----- SUPPLIED RECORDS

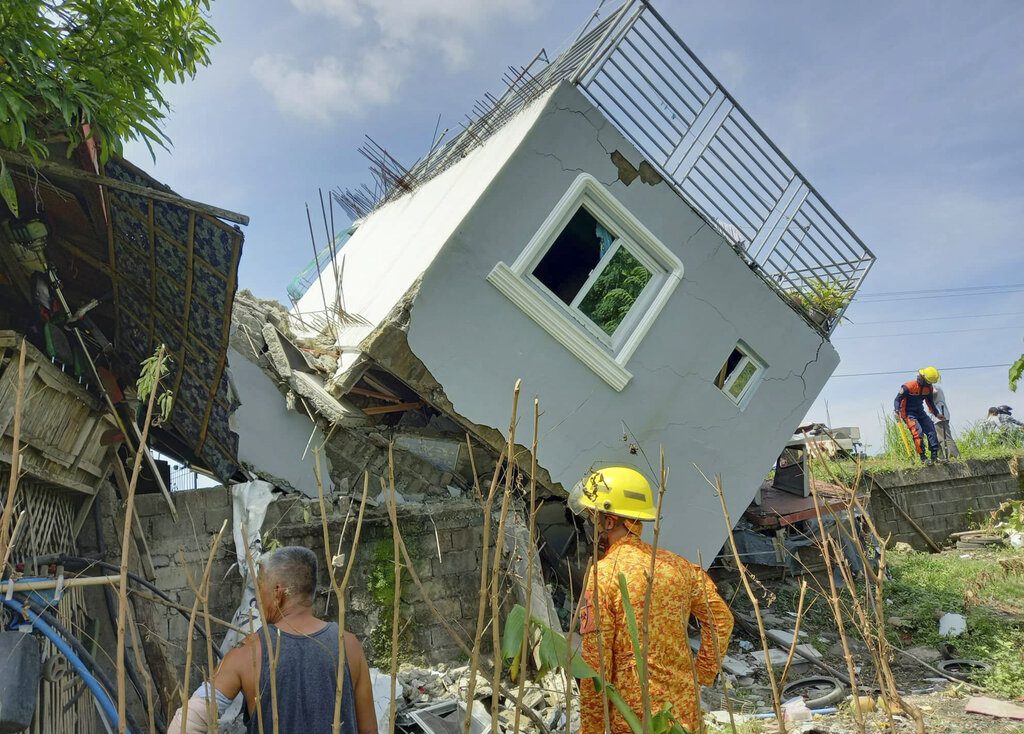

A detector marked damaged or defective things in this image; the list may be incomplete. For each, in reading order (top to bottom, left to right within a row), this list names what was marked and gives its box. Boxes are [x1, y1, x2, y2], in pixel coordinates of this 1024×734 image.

cracked wall [400, 82, 840, 564]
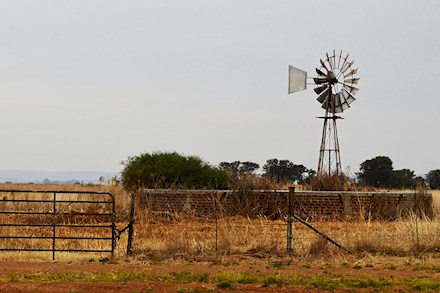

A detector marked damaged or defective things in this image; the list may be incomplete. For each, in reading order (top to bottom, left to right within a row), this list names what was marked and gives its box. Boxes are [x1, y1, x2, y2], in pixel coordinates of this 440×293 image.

rusty metal gate [0, 189, 115, 260]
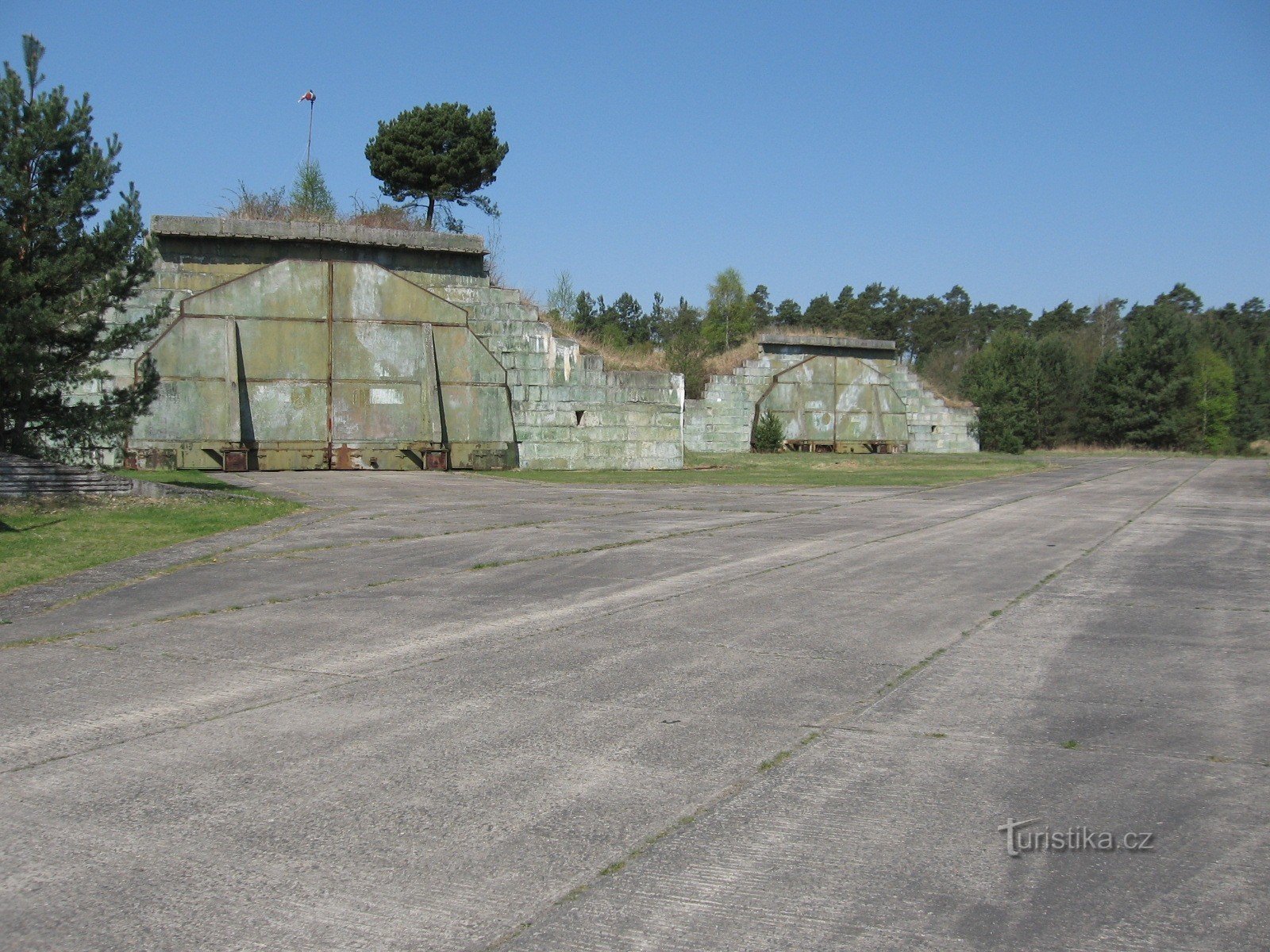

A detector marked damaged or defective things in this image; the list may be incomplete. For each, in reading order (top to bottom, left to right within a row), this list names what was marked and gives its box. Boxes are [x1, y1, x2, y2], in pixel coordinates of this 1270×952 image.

cracked concrete apron [0, 457, 1264, 946]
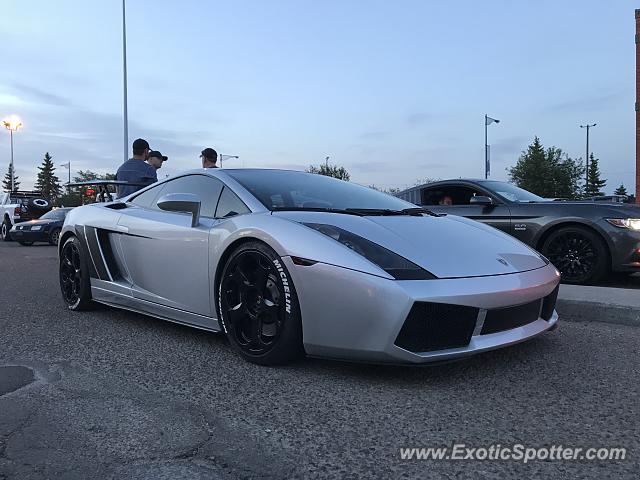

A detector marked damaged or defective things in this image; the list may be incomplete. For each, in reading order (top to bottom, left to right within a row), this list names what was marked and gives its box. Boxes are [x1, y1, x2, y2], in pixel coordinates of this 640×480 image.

cracked pavement [0, 242, 636, 478]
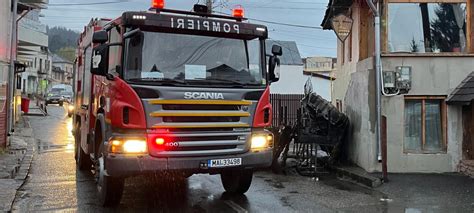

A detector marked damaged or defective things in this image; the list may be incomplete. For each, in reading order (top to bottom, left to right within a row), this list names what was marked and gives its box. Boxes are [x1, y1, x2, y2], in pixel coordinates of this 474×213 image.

damaged structure [320, 0, 474, 173]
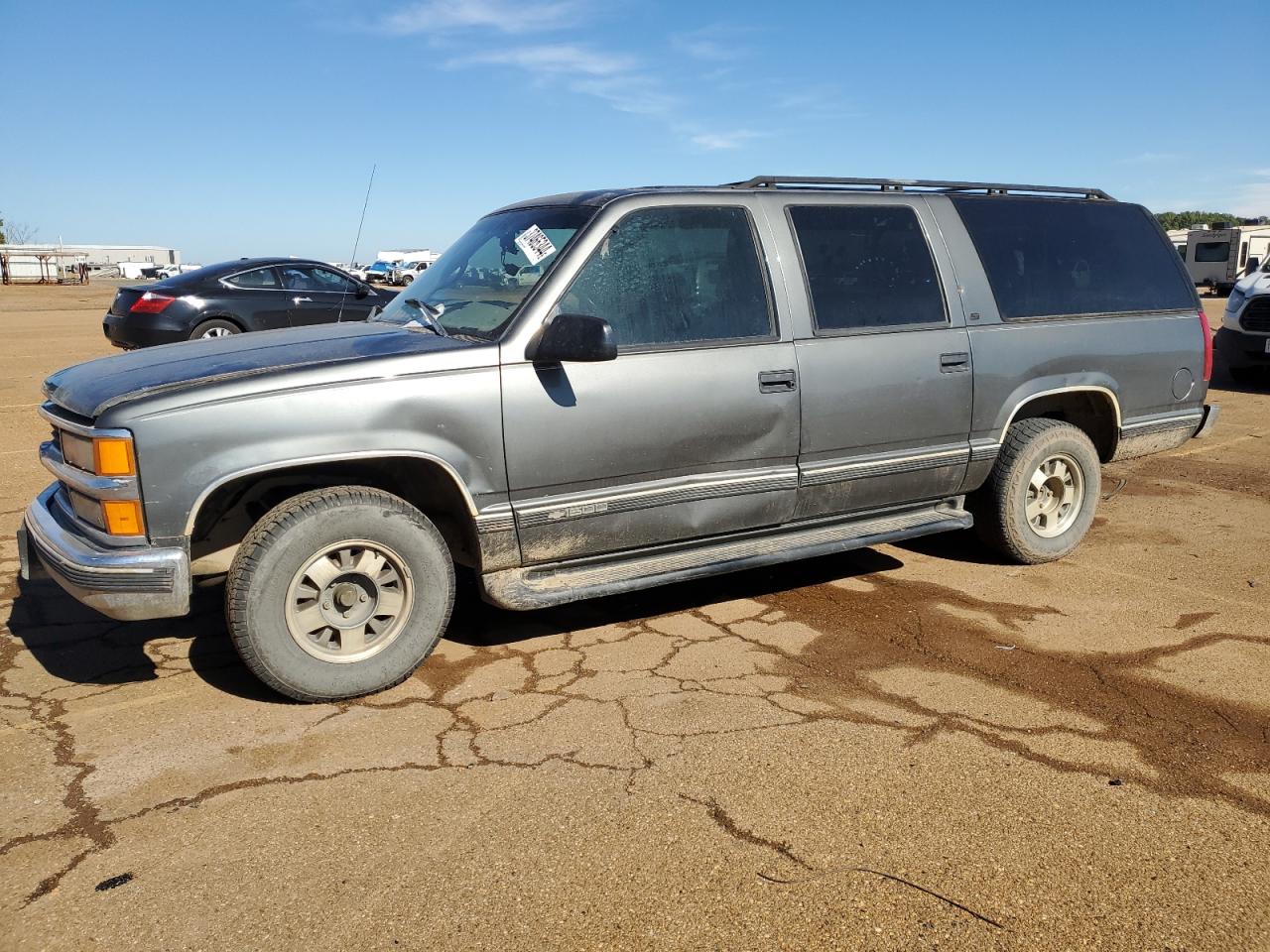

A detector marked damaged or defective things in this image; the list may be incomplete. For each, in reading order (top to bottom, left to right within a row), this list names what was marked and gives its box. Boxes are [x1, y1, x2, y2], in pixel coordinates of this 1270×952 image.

cracked concrete lot [2, 286, 1270, 952]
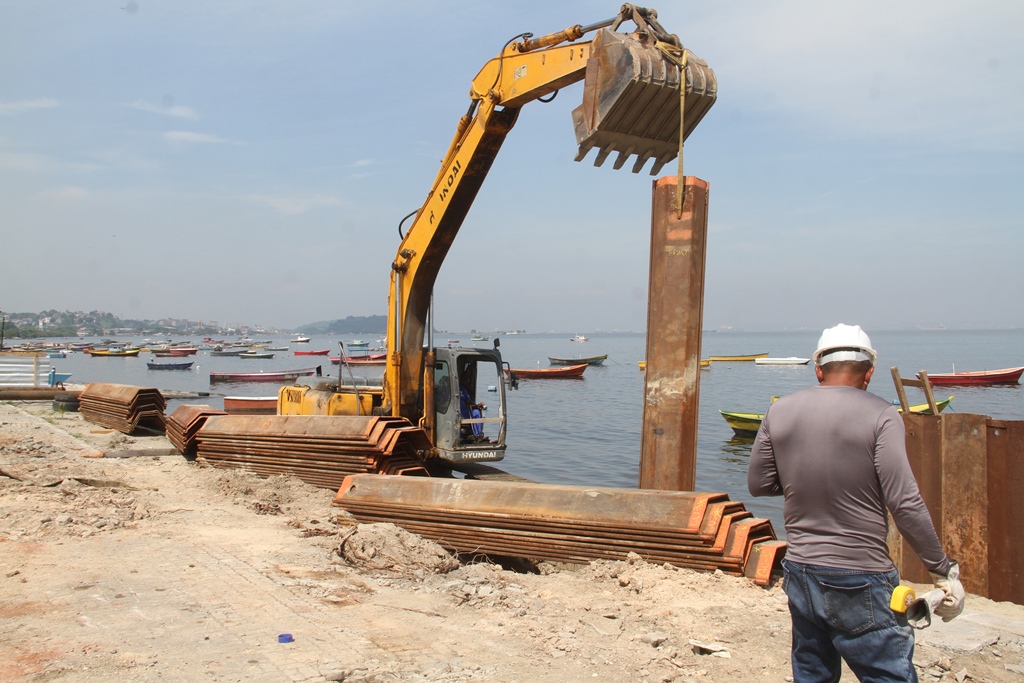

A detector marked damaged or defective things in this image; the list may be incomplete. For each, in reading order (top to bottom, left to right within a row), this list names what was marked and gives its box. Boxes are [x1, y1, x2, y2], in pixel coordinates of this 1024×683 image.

rusty steel beam [640, 176, 712, 492]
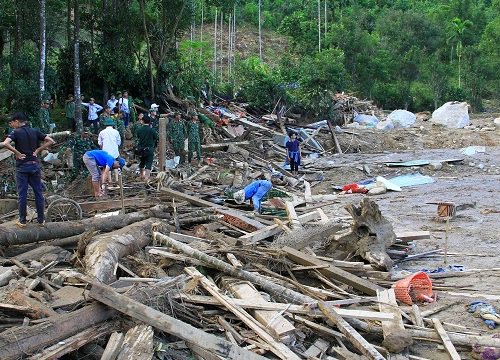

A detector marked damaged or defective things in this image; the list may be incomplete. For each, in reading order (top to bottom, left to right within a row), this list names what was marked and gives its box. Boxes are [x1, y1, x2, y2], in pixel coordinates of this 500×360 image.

broken wooden beam [284, 246, 384, 296]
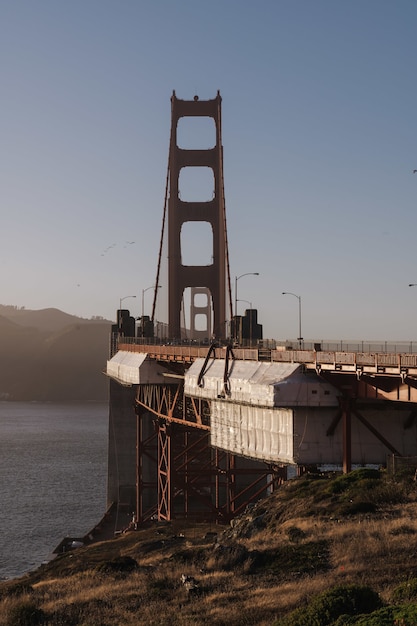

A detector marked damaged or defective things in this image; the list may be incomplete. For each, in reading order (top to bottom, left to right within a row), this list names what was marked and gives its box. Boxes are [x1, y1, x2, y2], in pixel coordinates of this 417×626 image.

rusty orange tower [167, 90, 231, 338]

----------

**YOUR OBJECTIVE:** Repeat exactly the lines above, starting at the one that contains "this 500×360 image." and stopping at the last line of the entries, and leave out the pictures.

**WRITTEN REPLY:**
A detector marked damaged or defective things in this image; the list may be incomplete. For each, in reading order (top to bottom, left to right within a row), this list names what was marked and gives its box. Boxes are [x1, y1, x2, y2], in pixel coordinates of this 500×360 image.

broken wooden beam [284, 246, 384, 296]

A detector marked damaged or defective things in this image; the list may be incomplete. For each, in reading order (top to bottom, left to right within a row), this list names what was marked and gives its box. Boxes are [x1, y1, x2, y2], in pixel coordinates of this 417×626 image.

rusty orange tower [167, 90, 231, 338]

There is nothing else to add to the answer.